Ñañeñiñoñu.

Creo que nunca he destacado. No soy un bellezón, ni un cerebrito. No tengo ningún rasgo altamente llamativo. Mi personalidad demente asusta a algunos y atrae a otros, pero no soy sublime. No tengo ningún don; sé pensar y sé escribir, pero todo el mundo sabe; otra cosa es que sus copulaciones boli-papel sean fútiles. No he hecho nada asombroso, ni espantoso. Gané una vez un concursillo, algo pequeño, nada trascendental; y no fue siquiera de aquello que bien se me da. No tengo acento atractivo; no, eso queda atrás. No toco ningún instrumento y no sé si coser ni cantar. Pero, ante todo, no soy normal. No soy una zorra, ni una monja casta. No tengo BFF ni creo en el amor. Creo que sé qué me depara el futuro, necedad si tenemos en cuenta que eso lo elijo yo. No me gusta lo antiguo, lo muerto y estoy en humanidades. Detesto el dolor, pero volvería a sufrir una aguja bañada en tinta. Hablo mucho de “heal the world”, pero si mañana mi hada madrina se presentara aquí con algunos deseos sé que sería egoísta. Amo el fuego aunque le tengo miedo. Quiero ser budista, pero no me atrevo. Quisiera también sufrir una mini-amnesia exclusivamente con las conjunciones “mas” y “pero”, pero eso lo veo infactible. Detesto la palabra que se forma con las letras O, D, I, A, R. Soy multinacional apatriada. Me gusta la música de los 80 y por ahí. Por esto mi papi (el mejor del mundo mundial mundanal) me llama retro.

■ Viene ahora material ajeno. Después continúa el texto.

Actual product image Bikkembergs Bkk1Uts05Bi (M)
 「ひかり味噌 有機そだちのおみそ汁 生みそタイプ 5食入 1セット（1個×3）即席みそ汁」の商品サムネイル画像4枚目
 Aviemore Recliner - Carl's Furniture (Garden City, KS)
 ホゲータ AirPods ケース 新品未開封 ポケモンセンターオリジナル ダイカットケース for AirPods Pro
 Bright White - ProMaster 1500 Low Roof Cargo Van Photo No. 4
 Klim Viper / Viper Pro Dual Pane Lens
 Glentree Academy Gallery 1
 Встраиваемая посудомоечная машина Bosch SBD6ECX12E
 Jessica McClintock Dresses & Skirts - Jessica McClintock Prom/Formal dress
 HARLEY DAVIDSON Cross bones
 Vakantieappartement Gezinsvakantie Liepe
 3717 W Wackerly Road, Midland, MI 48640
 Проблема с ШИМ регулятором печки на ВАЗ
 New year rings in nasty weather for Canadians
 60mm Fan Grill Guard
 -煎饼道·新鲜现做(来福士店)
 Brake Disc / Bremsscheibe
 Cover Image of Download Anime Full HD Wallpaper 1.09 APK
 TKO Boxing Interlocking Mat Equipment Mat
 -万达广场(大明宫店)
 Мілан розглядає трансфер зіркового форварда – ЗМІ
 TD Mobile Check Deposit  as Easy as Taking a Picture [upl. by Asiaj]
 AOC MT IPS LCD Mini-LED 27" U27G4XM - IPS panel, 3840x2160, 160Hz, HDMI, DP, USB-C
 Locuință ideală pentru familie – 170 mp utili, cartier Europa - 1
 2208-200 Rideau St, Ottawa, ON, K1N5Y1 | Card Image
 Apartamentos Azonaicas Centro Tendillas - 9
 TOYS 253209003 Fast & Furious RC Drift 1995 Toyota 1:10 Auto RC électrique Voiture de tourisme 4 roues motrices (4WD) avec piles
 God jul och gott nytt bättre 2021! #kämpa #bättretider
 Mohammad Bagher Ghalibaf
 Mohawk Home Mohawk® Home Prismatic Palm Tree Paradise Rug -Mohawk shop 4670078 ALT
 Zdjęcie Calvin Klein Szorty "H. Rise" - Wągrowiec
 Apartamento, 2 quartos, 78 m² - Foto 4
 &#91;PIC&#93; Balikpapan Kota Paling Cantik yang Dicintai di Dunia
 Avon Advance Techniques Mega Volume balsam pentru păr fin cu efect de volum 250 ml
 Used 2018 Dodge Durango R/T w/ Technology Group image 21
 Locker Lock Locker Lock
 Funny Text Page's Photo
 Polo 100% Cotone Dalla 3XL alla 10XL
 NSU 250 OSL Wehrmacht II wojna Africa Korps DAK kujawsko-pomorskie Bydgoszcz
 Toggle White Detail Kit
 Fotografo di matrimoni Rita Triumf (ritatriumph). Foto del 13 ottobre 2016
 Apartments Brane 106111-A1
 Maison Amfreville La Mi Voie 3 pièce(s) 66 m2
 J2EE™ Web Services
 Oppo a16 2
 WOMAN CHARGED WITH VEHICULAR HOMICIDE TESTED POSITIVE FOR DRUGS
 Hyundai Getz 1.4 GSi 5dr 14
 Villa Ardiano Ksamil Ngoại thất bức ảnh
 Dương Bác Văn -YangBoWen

Escribo esto un domingo por la mañana en que llueve, detesto el ruido que provoca este fenómeno. Esto es un pequeño reconocimiento de los que hago cada noche, pero en este día es temprano, estoy aburrida y creo que mi vida carece un poco de sentido. No sé por qué. No encuentro siquiera sentido a estas palabras. Por eso voy a ir cortando el rollo. Porque sólo yo me entiendo. Y porque, una vez más, soy cualquier cosa excepto normal.